Like past dry years, McManus says the state is jeopardizing the health of the delta to keep water headed south to Central Valley farmers and their thirsty crops.
“There’s not enough water to have a burgeoning almond and pistachio industry and have robust salmon runs,” McManus said. “In the western San Joaquin Valley you’re dealing with a desert and you’re dealing with unsustainable agriculture that relies on water from hundreds of miles to the north.”
Ultimately the rock barrier is only a Band-aid. But Governor Gavin Newsom and state officials are pushing forward with what they believe is a permanent solution: a 30-mile tunnel.
With a starting point near Sacramento, the so-called Delta Tunnel would divert flows around the delta to a forebay near the existing State Water Project pumping facilities.
Proponents say it will protect the critical water project from future earthquakes and sea level rise, but critics cast it as a certain death blow for the delta. Similar versions of the proposal have failed in recent decades over environmental concerns and the lofty price tag, but the zombie project has been revived by Newsom.

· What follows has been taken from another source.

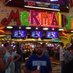 Las Vegas Junkie Podcast (@LasVegasJunkie) Twitter profile photo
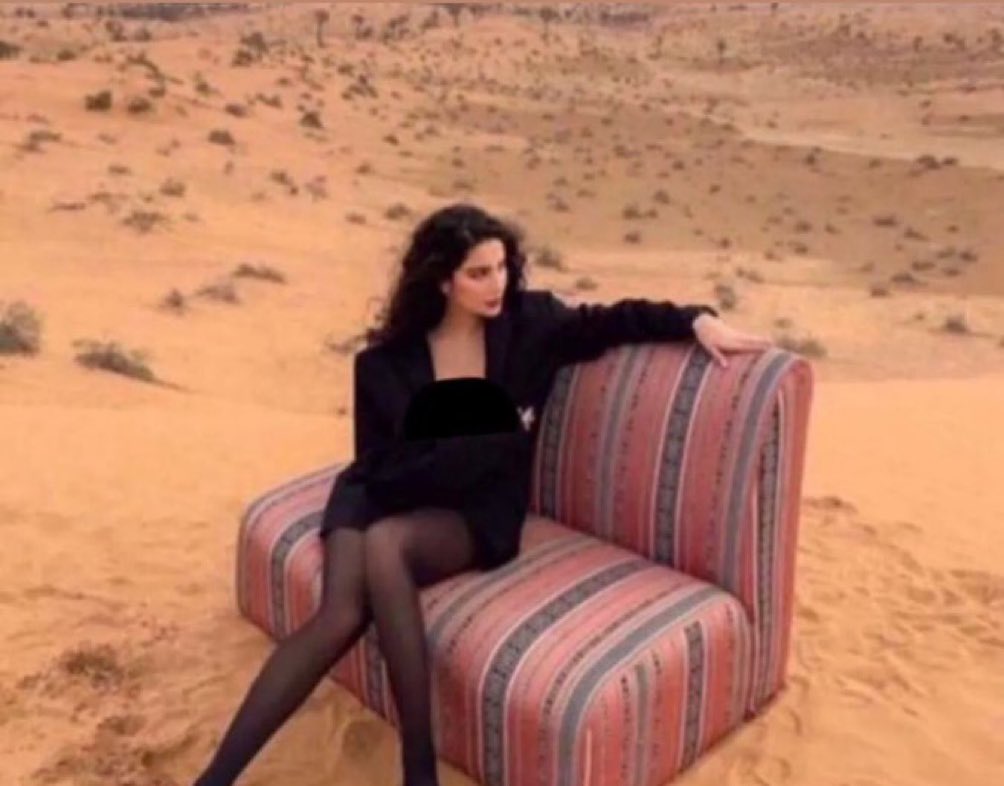 شكلك وانتي معيده فالديره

After decades of declining water quality, locals are inherently skeptical of the tunnel and the state’s future plans for the largest remaining estuary on the West Coast.
“We’ve oversubscribed the system because of greed,” bemoaned delta resident Chris Lauritzen. “They’re robbing the delta of the freshest water.”
Pointing out manmade islands named after men who dredged them over a hundred years ago, like Bethel, Sherman, Bradford and Twitchell, Lauritzen recounted his family’s rich delta ties
Lauritzen’s great grandfather Hans emigrated from Denmark to the region in 1870s, and his grandfather operated a popular ferry service in the early 1900s. Later the family built Lauritzen Yacht Harbor, located in the town of Oakley just a short boat ride from the rock barrier.
Checking in on construction one early June morning, the licensed captain said the barrier is just the latest example of the delta’s troubles. Aside from obvious signs like the barrier, tankers full of juvenile salmon or the endless harmful algae blooms, he said another massive public works project underway in Antioch sums up the delta’s blight.
To maintain drinking water for its over 100,000 residents, the city is building a $110 million desalination plant to ward against the delta’s increasingly brackish water. It says climate change, sea level rise and “delta projects” like the temporary barrier continue to increase salinity levels and have forced the city, located on the shore of the San Joaquin River, to go elsewhere for usable water.
“Antioch is smart,” Lauritzen said, pointing out the city’s existing river intake station. “We’re going to have more barriers; the state will do whatever it take to keep the [south delta] pumps going.”